These 20-Under-40 Up-and-Coming Printing Industry Executives Share Their Success Stories
Away from the office, Lindemann enjoys golf, running and attending his children's sporting events. He is also an avid Chicago Bears fan. He sits on the Newton City Council and is an Elder at St. Paul's Lutheran Church.
Rick and Amber Lindemann have been married for 15 years and have two children, R.J. (12) and Heidi (10), along with three basset hounds, two Guinea pigs and a few cats. The Lindemanns have been refurbishing a home that was built in 1912.
Jonathan Wallace, 31
Stone Mountain, GA
This list is brimming with father-son tales, and even the most successful of family printing company dynamics have felt the strain of mixing business with the politics of interpersonal relationships. Just ask Jonathan Wallace, vice president of Wallace Graphics, whose father, John, founded the sheetfed printing company in 1987.
"Having a mentor with whom you have a personal relationship first, and a business relationship second, can be a bit confusing at first," the younger Wallace admits. "However, once we worked out the kinks, it has been a blessing. I am able to learn from the character traits I want to replicate and also the behaviors that I would do differently."

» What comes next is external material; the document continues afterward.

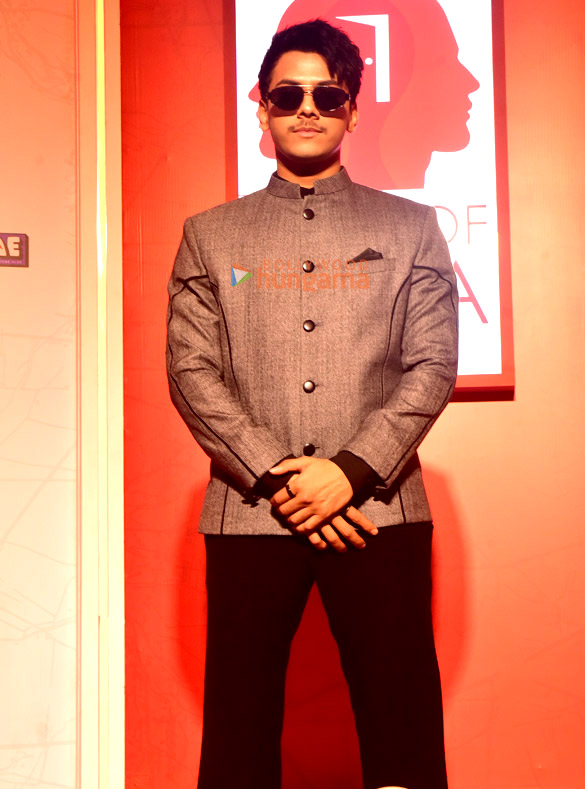 photos shah rukh khan ishaan khatter and vishal jethwa snapped at abp networks ideas of india 2026 10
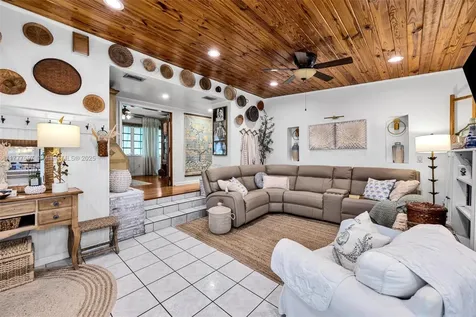 64 NW 19th Street Homestead FL 33030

John Wallace instilled in his son the value of trust and living up to the motto "do what you say you are going to do." Jonathan Wallace has found that to be not just a truism, but a critical principle behind cultivating a business. A similar motto, "do the right thing," is something Wallace has found to be applicable for relationships with employees, customers and vendors.
As a child, Wallace spent a number of summers in the shop, doing hand work and odd jobs. But even as he worked his way through Clemson University—where he graduated with a BS in financial management in 2005—Wallace's master plan did not include the family business or the printing industry. Upon graduating, he took a position with Naturally Fresh (which had strong ties to the university) as a warehouse manager. In the end, he found the management layer in front of him to be at least 10 executives deep. Six months later, Wallace had re-evaluated his position.